Citizenship of the Union now extends rights of movement and residence to the non-economically active (retirees for instance), although they usually need to have health insurance and sufficient resources so as not to become an ‘unreasonable burden’ on the host state. The extent to which EU citizens are entitled to equal treatment depends on their economic activity, their degree of integration in the host state and the nature of the benefit claimed. The precise scope of entitlement is subject to intense debate, as explored below.

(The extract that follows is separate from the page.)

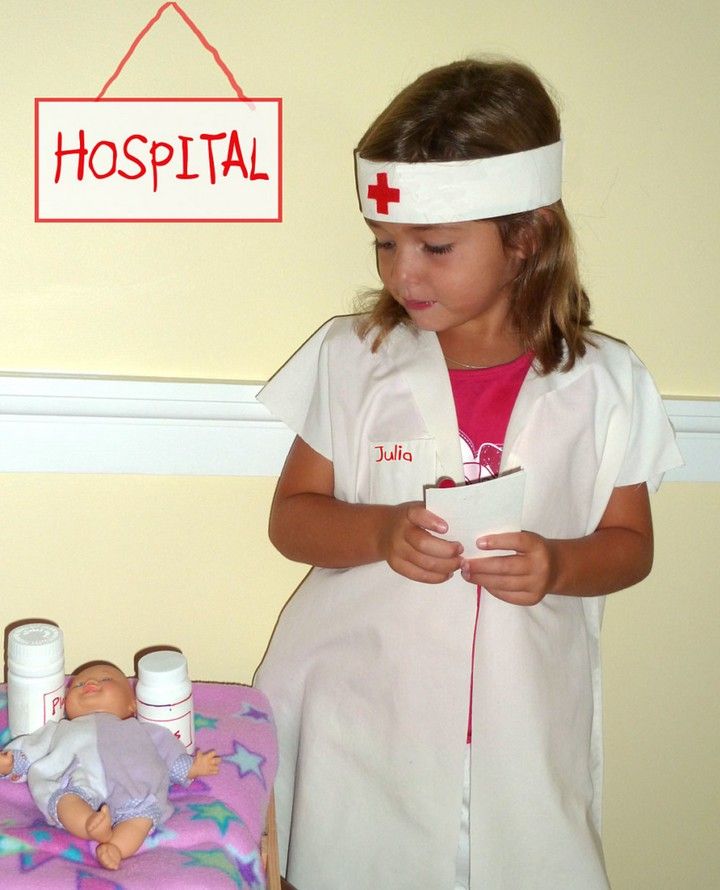 Easy Nurse Pillowcase Costume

EU citizenship entails directly effective rights, that is rights which are enforceable in national courts. These rights, in particular residence rights, may only be restricted subject to the principle of proportionality (Case C-413/99 Baumbast  ECR I-7091). Security of residence is an intrinsic feature of EU citizenship, increasing over time. Once the pre-conditions for residence rights are fulfilled, EU law only permits refusal of admittance or deportation of EU citizens representing a ‘genuine, present and sufficiently serious threat affecting one of the fundamental interests of society’. Only individually assessed risks to public policy, public health and public security are permissible grounds, and EU citizens with a permanent right of residence may only be expelled on serious grounds of public policy or public security. (However, some concern has been expressed that some recent EU cases have not properly applied the 2004 Citizenship Directive in this context (Case C-145/09 Tsakouridis  ECR I-11979; Case C-348/09 P.I. Judgment of the Court (Grand Chamber), 22 May 2012 nyr. See also Kochenov and Pirker 2013). The greater the degree of integration within the host Member State ought to lead to greater security of residence (although periods in prison do not count as periods of residence (Case C-400/12 MG and Case C-378/12 Onuekwere. Judgments of the Court, 16 January 2014 nyr).
Current UK practices seem to be in tension with some of these fundamentals. The UK has relied on a lack of self-sufficiency to deport a number of homeless EU citizens, arguing they do not have a right to reside under EU law. While that may be permissible in some cases, each individual case must be scrutinised carefully (Horsley and Reynolds 2014). While residence rights for the non-economically active are conditional on sufficient resources and health insurance, deportation must still comply with the principle of proportionality.